Last week, the Wine Advocate‘s William Kelley called Domaine Bruno Lorenzon “one of the best addresses in contemporary Burgundy”. He notes that “there are very few estates in the Cote d’Or operating on Lorenzon’s level today”. This is quite a claim for small estate in Mercurey – but one we entirely agree with. We have bought Lorenzon’s wines over several vintages, and they clearly demonstrate just how high quality can be in the often overlooked Cote Chalonnaise.
Lorenzon’s wines are the result of distinctive production methods. He trains his vines high, up to 1.8m, and uses high density planting of 14,000-20,000 plants per hectare, around twice normal planting density.
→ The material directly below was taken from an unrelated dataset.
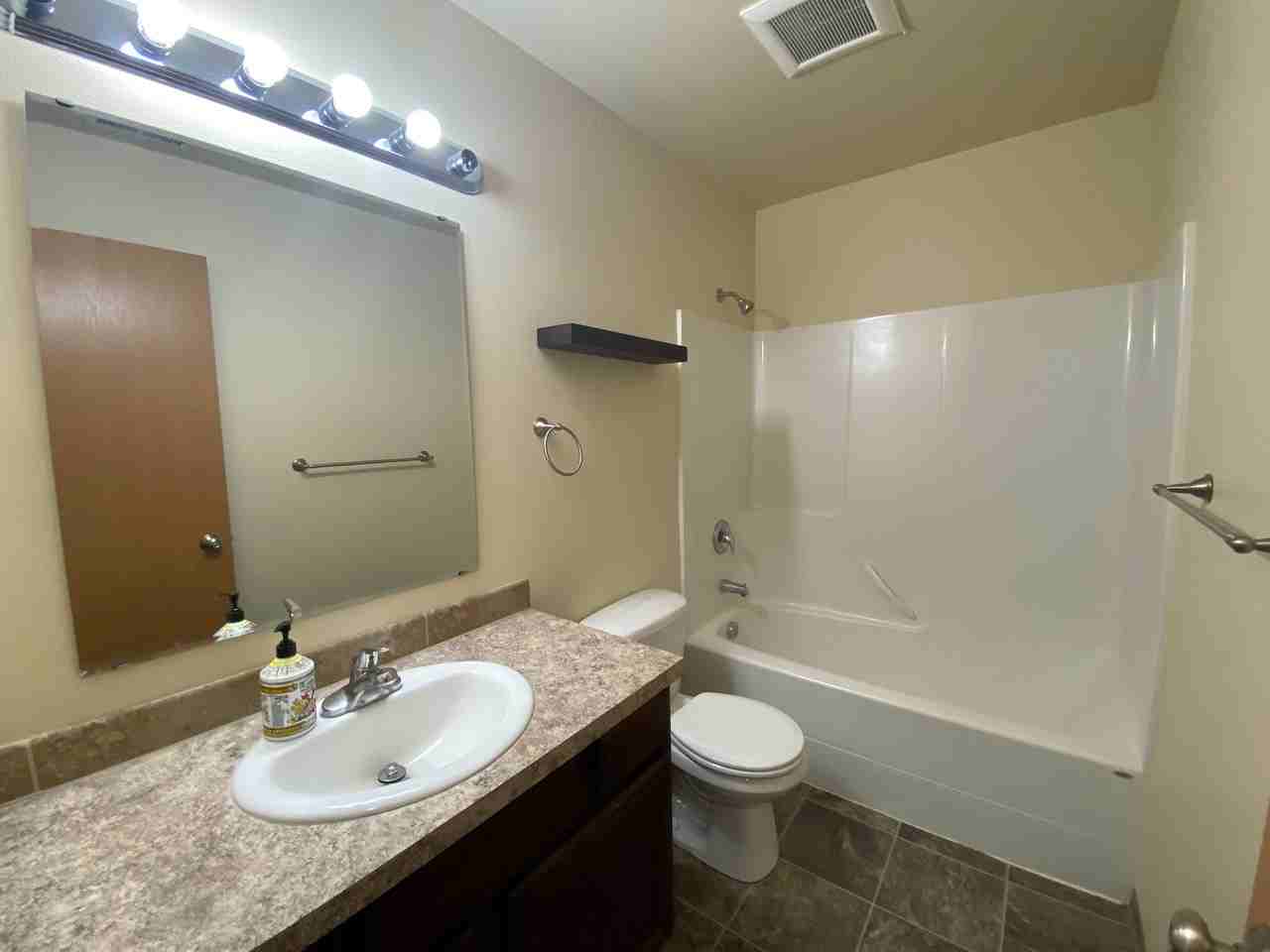 631 Andrea Ct - Photo 3 of 4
This makes for extremely labour intensive viticulture, requiring around 800 man hours per hectare. In the cellar, macerations are long to ensure gentle extraction. Oak is expertly managed; Lorenzon trained as a cooper before setting up his winery and takes an active involvement in producing his barrels.
2020 was a warm vintage, producing dense structured wines across Burgundy, and, where conditions were right, exceptional quality. Lorezon’s 2020s looked very promising in both colours when we tasted them at the domaine last year, and William Kelley rates them above the highly acclaimed 2019s.
This is a domaine to watch. The wines are outstanding, and prices are still very reasonable in view of the quality.